After reading this, I didn't know what to think. It sounded exactly like the back cover of a book I'd pick up and then immediately buy. Words like "saga," "haunting," "heartbreaking," and "sweeping," would scream sensitive literary book at me, sucking me in. I would think that the book was special and noncommercial, the work of a serious artist instead of a top-selling bodice ripper or mystery by armies of ghost writers. Not that I didn't enjoy reading stuff like that sometimes. But I never expected as much from it. I couldn't help but wonder if this meant that every "good" book I read was really a piece of junk cobbled together by a charlatan trying to make money. Or that books weren't "the only place anyone could really be honest" (see my previous post tagged How I Became a Famous Novelist for more on this) after all, but just another product crafted to lure consumers. Or maybe it just meant that I was gullible and writers like Pete Tarslow knew exactly what they were doing.
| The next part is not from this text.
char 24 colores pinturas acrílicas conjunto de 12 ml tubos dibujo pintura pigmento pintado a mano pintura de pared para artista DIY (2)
I read on as Pete and his book became noticed, praised, ignored, defamed, debated, and so forth. Pete does not become immediately or hugely famous as the book's title would suggest. What really puts him on the map is a TV interview in which he admits that his book is a fraud and cites one of America's best-loved novelists as an even bigger fraud. After that, blogs explode with commentary over whether Pete's scum or some sort of genius or maybe just a guy manipulated by the system. Finally, he's invited to be on a panel with the writer he ripped apart. The whole thing is a train wreck, with the audience siding with the other guy. It seems like it's over for Pete. But then an unconventional lit professor who teaches only "popular" books seeks him out and persuades him to write a memoir capitalizing on his notoriety, which he does with spectacular results. He ends up making tons of money.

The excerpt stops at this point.